- Work instructions
Beginning with the line that contains "Gate 2026 Spring", transcribe the rest of the listing below exactly, including its last line, and exclude any pictures.

- Data

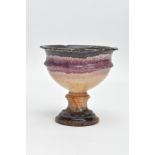 A 19TH CENTURY SMALL BLUE JOHN PEDESTAL BOWL, the bowl with outward scrolling rim, girdle 2cm from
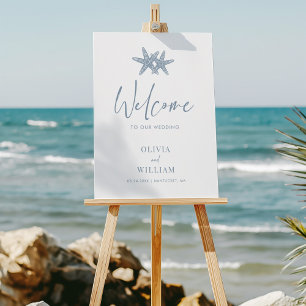 Modern Starfish Beach Dusty Blue Wedding Welcome Foam Board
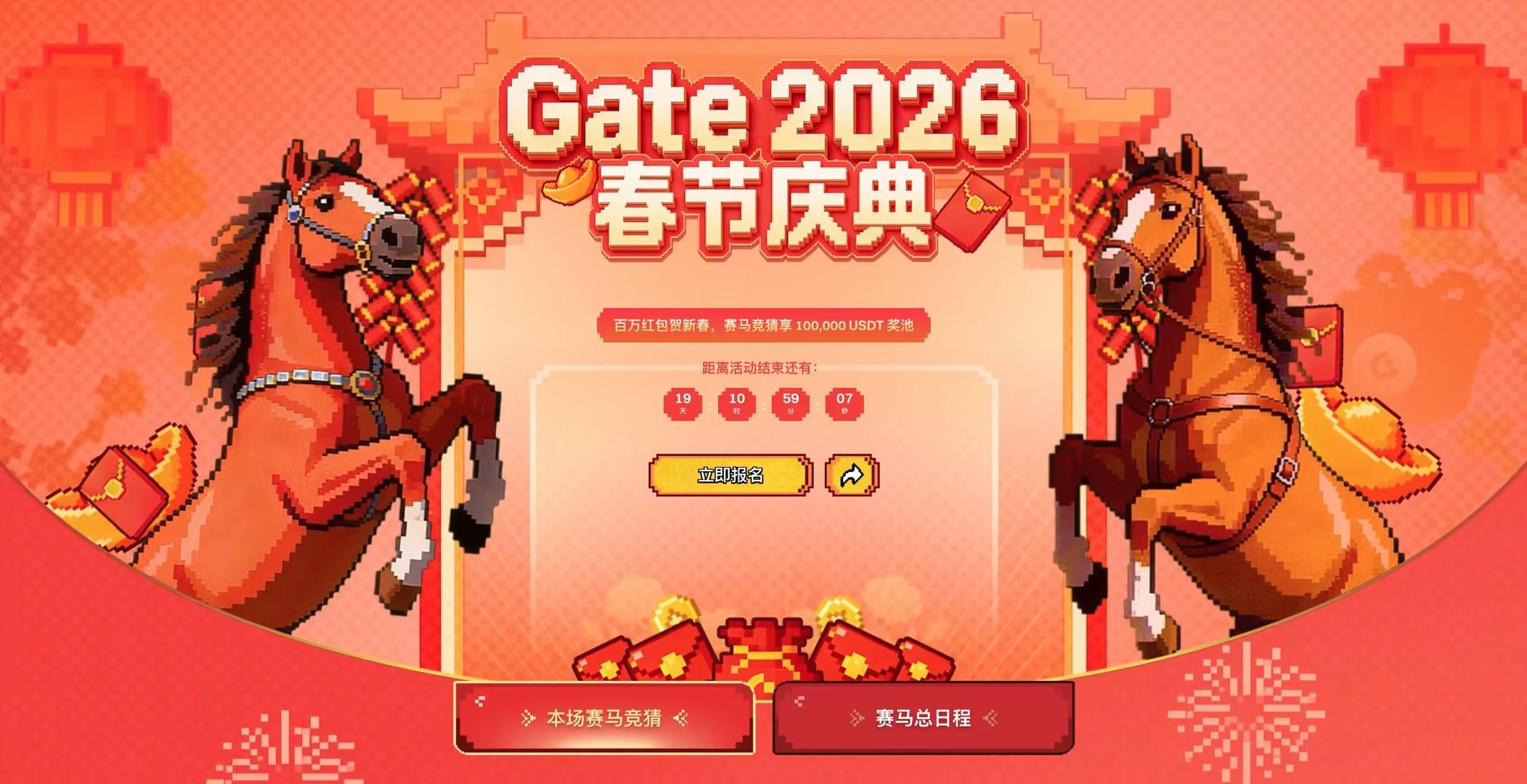 Gate 2026 Spring Festival Celebration: Share 100,000 USDT, Millions in Red Envelopes + Horse Racing Guessing!_aicoin_Image3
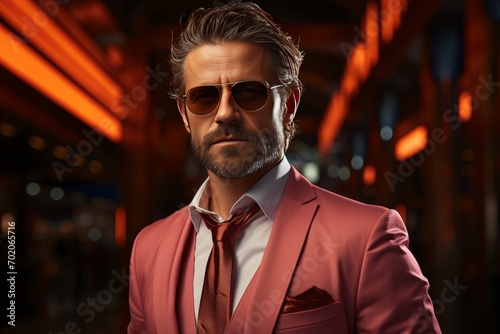 Photo Realistic of a Marketing Guru in a Chic, Modern Suit with Unique Accessories, Generative AI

- Written solution
 Gate 2026 Spring Festival Celebration: Share 100,000 USDT, Millions in Red Envelopes + Horse Racing Guessing!_aicoin_Image3
 Photo Realistic of a Marketing Guru in a Chic, Modern Suit with Unique Accessories, Generative AI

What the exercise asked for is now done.